The winner will receive an estimated $110,000 salary as the Charles R. Bronfman Visiting Chair in Jewish Communal Innovation, and will have two years at Brandeis to publish a book based on the idea. The visiting professor will teach one course per semester and present visiting lectures next fall. Sarna said the specifics of the course won't be determined until the winner is chosen.

"The aim is really to ensure that our students can spend time with this creative person, even as we want to make sure that the creative person is able to devote most of their time to working on this project," Sarna said.

Bronfman donated $1.5 million to sponsor this competition and a similar one in two years.

"The goal of this is to create a free space where a bright and creative academic could write a book that would allow the Jewish community to think a little bit about who we are, where we have come from and where we are going," said Roger Bennett, a senior vice president at the Andrea and Charles Bronfman Foundation.

Bennett said the presence of Sarna in particular, the foremost scholar on American Jewish history, makes the University an attractive place to hold this competition.

"Sarna, more than most people, has thought deeply, written deeply and led the community thinking about Jewish history and its consistent change," Bennett said. "He is one of the great thinkers we have in the [Jewish] community right now."

Sarna explained that Sears, Roebuck and Co. conducted a similar contest in 1929, awarding $10,000 to the person who best answered the question, "How can Judaism

best adjust itself to and influence modern life?" Rabbi Mordechai Kaplan, the founder of Reconstructionist Judaism, won by submitting the book Judaism as a Civilization.

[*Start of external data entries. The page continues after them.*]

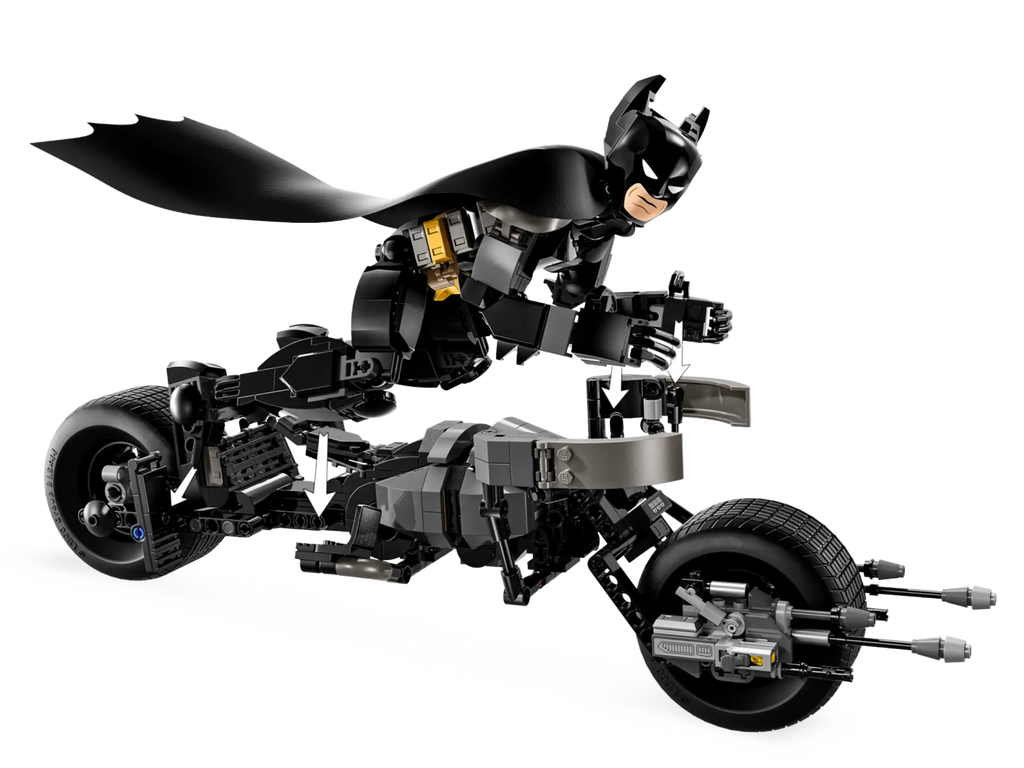 LEGO 76273 DC Batman™ Construction Figure and the Bat-Pod Bike - TOYBOX Toy Shop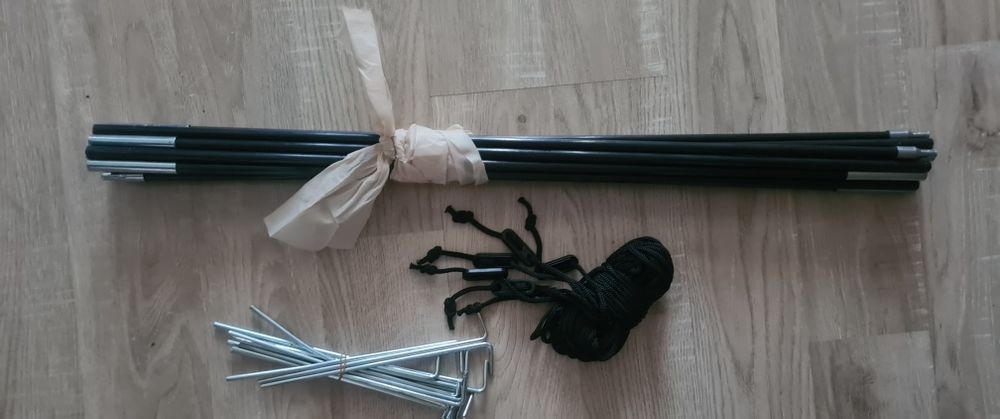 Bețe cort camping și alte accesorii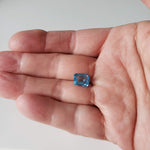 Topaz | Octagon Cut | Swiss Blue | 10x8mm 4.05ct 8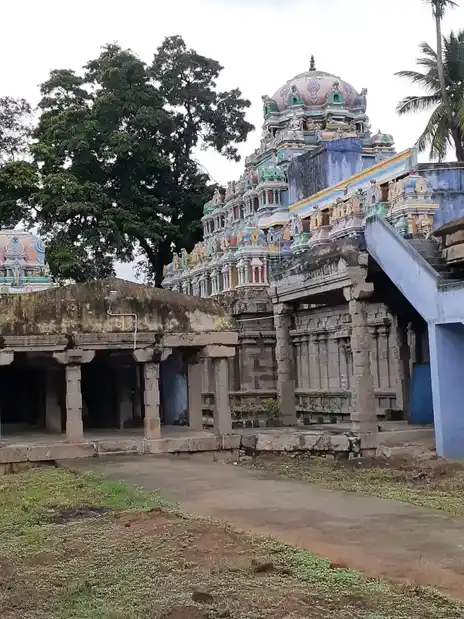 Arulmigu Ramaswamy Temple, Cheranmahadevi - 627414 அருள்மிகு ராமசாமி திருக்கோயில், Cheranmahadevi - 627414, Tirunelveli - Ancient Temple Architecture and History Image 2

"I think our hope [for this contest] is that the result will be a very brilliant book that will also have practical implications," Sarna said. "[Judaism as a Civilization] not only was a very stimulating and important book, [but] it also had very practical implications in terms of how the Jewish community should operate."

Sarna gave the Birthright Israel program, which provides free trips to Israel for Jews ages 18 to 26, as an example of the kind of idea he is looking for from this competition.

"Programs like Birthright Israel are important because we have a real problem in the Jewish community," Prof. Ellen Kellman (NEJS) said. "We are losing people and we need to figure out ways to make a Jewish life and a Jewish identity meaningful to young people coming up."

Provost Marty Krauss, who oversees faculty at the University, said this competition provides Brandeis with an opportunity to find academic contributors who aren't currently in faculty positions.

"There are many intellectuals who have progressive, new and innovative thinking about

Jewish professional leadership who are not currently in an academic setting," Krauss said. "This kind of program ought to be well-received within that cohort of people and should give us an opportunity to provide them with an appropriate venue for developing and articulating new and important ideas. That's what makes universities so special."

Krauss said she doesn't know yet whether she will formally approve the competition's winner for the two-year position, or simply consult Sarna about the choice. Although this open competition could end up awarding a temporary professorship to an individual without significant academic experience, Krauss explained that the University already has several professors just like that.

"We have a number of faculty [members] here who may or may not have a Ph.D. but come from the world of practice or professional life," she said. "We want that kind of diversity of experience here at the University, so this [program] is quite consistent with that."

Kellman, however, said the qualifications of the contest's winner should be reviewed.

"I would assume that all of the person's academic credentials are checked out, and if the person comes here, they will be an appropriate professor for Brandeis," Kellman said.